Vice President of the Chamber of Deputies
- In office 6 February 2018 – 31 August 2018
- President: Edgar Romo García
- Preceded by: Martha Hilda González
- Succeeded by: Dolores Padierna

Personal details
- Born: Martha Sofía Tamayo Morales 18 September 1951 (age 74) Mazatlán, Sinaloa, Mexico
- Party: PRI
- Education: Autonomous University of Sinaloa
- Occupation: Lawyer and politician

= Martha Tamayo =

Mexican lawyer and politician

Martha Sofía Tamayo Morales (born 18 September 1951) is a Mexican lawyer and politician affiliated with the Institutional Revolutionary Party (PRI).

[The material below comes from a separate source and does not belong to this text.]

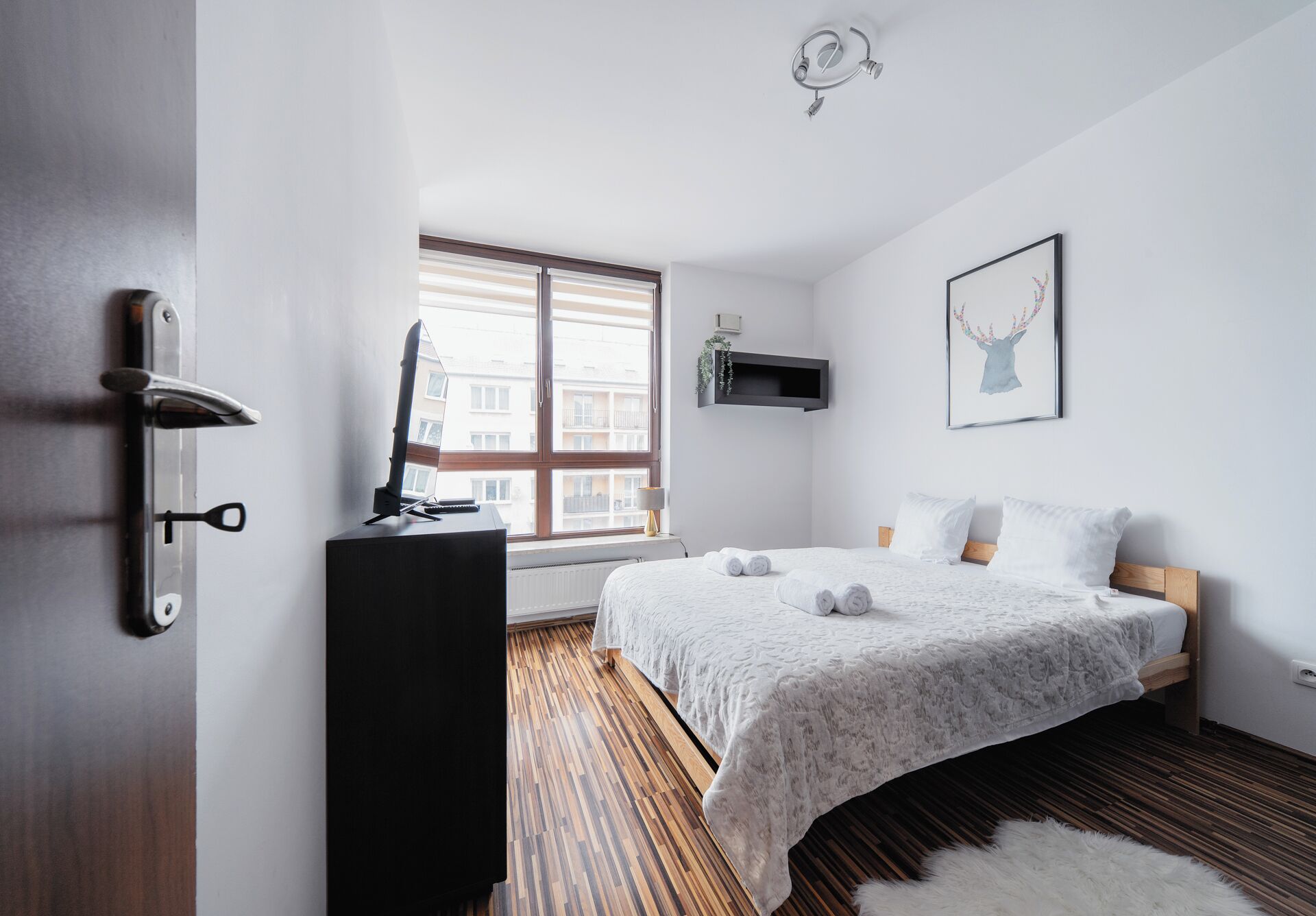 Une chambre à coucher avec un lit, un bureau avec un ordinateur, une fenêtre et une étagère fixée au mur.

Tamayo Morales has served in both chambers of Congress.
From 1998 to 2000 she sat in the Chamber of Deputies as the alternate of Gustavo Adolfo Guerrero Ramos, representing Sinaloa's 5th district during the 57th Congress.
In the 2000 general election she was elected to the Senate, where she served during the 58th and 59th Congresses.
Some years later, in the 2015 mid-terms, she was elected to the Chamber of Deputies as a plurinominal deputy for the first electoral region during the 63rd Congress.